DoD Takes Personnel Recovery to Next Level

By Rudi Williams
American Forces Press Service

WASHINGTON, Sept. 14, 2004 – U.S. government civilians' and contractors' presence in the battlespace is taking DoD personnel recovery to another level and expanding the personnel-recovery mission, said the director of personnel recovery policy for the Defense Prisoner of War/Missing Personnel Office.

"The contractors and civilian employees are in the same environment as military personnel," Air Force Col. John Hobble said in a recent interview. "We have DoD contractors that have been kidnapped and isolated. They went through some training at their processing centers before they went overseas. It's about at the same level as the military members who are at moderate risk of capture."

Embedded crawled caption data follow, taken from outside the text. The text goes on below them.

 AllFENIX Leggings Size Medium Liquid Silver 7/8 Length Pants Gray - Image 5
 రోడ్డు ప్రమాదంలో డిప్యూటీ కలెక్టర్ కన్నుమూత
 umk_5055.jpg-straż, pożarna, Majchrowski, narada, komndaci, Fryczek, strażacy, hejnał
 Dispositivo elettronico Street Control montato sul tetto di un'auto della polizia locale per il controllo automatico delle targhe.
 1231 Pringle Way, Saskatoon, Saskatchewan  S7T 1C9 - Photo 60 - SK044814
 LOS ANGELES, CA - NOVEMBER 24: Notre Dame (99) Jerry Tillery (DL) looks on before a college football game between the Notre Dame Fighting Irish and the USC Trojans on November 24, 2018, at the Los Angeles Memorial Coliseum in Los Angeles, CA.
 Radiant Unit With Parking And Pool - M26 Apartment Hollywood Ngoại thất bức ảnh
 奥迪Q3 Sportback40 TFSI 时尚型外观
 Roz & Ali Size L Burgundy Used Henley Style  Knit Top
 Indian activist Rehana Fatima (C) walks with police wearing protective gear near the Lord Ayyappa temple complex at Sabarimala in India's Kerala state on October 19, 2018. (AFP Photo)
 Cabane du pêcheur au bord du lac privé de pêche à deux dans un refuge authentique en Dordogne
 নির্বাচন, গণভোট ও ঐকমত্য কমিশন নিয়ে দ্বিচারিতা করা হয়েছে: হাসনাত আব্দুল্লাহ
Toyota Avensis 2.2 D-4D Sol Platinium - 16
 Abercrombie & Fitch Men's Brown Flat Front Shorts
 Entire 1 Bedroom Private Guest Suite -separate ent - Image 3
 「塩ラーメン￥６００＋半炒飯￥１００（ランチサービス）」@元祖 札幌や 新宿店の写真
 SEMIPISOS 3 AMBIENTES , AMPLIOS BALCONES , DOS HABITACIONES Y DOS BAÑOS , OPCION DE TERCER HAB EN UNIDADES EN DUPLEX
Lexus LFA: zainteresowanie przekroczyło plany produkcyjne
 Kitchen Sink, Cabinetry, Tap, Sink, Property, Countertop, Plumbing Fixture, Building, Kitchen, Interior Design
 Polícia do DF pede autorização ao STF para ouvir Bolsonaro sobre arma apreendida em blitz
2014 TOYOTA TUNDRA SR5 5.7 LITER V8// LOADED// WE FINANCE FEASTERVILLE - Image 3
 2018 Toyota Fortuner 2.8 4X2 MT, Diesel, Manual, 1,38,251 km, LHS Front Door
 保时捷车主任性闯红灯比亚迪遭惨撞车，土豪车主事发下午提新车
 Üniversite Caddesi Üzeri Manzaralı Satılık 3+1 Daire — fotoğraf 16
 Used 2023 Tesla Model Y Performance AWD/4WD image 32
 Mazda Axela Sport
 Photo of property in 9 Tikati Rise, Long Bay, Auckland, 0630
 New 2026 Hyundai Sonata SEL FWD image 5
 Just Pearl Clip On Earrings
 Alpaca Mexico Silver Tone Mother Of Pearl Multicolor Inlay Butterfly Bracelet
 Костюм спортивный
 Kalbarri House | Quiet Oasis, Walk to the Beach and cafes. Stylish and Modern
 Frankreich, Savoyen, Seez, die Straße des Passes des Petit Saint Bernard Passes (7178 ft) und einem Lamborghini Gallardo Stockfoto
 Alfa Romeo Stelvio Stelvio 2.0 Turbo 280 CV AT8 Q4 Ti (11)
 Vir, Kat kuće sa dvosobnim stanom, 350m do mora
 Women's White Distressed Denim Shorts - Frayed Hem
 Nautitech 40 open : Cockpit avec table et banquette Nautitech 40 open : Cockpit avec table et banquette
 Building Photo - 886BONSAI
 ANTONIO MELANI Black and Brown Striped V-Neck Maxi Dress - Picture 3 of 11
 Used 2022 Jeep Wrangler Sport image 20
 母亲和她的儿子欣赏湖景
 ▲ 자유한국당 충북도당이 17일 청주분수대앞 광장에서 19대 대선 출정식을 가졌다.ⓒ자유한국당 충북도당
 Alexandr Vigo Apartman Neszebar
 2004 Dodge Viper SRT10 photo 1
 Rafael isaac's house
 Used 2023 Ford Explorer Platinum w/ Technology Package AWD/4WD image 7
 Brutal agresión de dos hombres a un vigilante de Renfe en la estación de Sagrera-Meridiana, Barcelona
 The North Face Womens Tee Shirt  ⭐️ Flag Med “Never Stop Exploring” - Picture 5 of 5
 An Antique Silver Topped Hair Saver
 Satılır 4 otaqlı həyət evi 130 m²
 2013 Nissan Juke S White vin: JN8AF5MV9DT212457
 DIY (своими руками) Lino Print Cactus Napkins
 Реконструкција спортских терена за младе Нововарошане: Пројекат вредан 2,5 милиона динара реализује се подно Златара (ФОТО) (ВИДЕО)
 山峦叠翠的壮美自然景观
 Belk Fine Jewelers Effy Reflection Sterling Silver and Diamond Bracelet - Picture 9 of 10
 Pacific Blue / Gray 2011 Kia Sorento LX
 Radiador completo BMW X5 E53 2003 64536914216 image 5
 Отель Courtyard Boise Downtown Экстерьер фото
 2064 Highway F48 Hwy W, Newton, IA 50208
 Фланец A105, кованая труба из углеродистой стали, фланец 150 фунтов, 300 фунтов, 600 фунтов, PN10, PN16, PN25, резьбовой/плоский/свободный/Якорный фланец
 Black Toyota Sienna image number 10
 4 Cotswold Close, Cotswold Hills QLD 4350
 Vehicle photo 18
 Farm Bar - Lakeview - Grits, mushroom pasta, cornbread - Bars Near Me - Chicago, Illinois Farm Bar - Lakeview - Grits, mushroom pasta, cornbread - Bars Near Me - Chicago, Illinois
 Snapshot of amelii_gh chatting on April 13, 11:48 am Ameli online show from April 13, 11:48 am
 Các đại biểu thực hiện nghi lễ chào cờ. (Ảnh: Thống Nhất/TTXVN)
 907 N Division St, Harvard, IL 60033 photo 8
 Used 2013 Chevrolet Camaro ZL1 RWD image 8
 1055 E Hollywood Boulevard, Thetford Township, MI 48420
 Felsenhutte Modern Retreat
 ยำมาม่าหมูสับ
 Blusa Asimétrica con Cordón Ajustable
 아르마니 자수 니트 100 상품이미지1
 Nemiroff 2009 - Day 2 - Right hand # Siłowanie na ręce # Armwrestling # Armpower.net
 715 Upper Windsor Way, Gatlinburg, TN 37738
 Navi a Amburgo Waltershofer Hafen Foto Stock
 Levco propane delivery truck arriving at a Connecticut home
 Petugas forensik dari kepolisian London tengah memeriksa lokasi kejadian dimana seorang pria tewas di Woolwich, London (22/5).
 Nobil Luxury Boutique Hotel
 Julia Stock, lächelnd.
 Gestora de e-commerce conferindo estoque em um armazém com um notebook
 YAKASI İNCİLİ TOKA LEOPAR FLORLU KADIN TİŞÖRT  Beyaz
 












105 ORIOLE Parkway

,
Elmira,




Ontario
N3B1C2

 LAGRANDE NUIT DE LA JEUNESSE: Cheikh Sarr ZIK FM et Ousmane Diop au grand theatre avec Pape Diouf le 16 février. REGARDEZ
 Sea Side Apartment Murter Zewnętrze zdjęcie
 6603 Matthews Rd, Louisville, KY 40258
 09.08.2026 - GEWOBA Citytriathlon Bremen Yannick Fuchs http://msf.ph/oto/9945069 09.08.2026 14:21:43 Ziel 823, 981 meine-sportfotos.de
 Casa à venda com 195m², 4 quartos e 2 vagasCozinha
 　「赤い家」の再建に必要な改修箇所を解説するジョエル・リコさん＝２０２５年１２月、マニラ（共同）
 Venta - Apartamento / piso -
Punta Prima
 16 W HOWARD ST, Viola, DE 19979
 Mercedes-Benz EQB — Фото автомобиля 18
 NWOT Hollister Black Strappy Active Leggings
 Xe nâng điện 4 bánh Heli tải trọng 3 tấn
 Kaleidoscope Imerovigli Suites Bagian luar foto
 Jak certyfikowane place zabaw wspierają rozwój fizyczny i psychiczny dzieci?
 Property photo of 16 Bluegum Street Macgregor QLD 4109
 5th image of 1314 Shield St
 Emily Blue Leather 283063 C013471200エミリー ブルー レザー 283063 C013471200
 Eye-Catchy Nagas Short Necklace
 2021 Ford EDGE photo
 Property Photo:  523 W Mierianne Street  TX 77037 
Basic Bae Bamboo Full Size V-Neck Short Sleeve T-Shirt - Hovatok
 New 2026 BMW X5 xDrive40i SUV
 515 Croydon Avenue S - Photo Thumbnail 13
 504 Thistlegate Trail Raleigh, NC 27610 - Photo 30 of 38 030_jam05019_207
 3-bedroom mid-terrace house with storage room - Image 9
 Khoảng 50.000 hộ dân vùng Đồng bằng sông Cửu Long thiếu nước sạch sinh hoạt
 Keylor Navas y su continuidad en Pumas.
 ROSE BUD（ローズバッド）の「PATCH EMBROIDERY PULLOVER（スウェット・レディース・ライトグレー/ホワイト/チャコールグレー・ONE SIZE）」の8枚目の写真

The U.S. military has always used contractors in times of war. Gen. George Washington reportedly used civilian wagon drivers to haul supplies during the Revolutionary War, and civilian vendors supported Union troops during the Civil War. Contractors have been used in every war since.

During the 1990 Persian Gulf War, the General Accounting Office estimates that there were more than 5,000 government civilians and 9,200 contractor employees deployed in support of U.S. forces providing maintenance for high-tech equipment in addition to water, food, construction and other services.

Hobble said, however, different circumstances face contractors on the battlefield now because the current global war on terrorism "is really an asymmetric war." There are no defined lines. You can walk out your door in the hotel room or the front door of the hotel and you're in the middle of the battlespace."

"With the asymmetric battlespace that we're encountering today, we really have to change how we do business," Hobble said.

"Right now we don't have anything," he said. DoD is looking to address the issue in the national personnel-recovery architecture, part of the National Presidential Security Directive in draft form now, Hobble noted.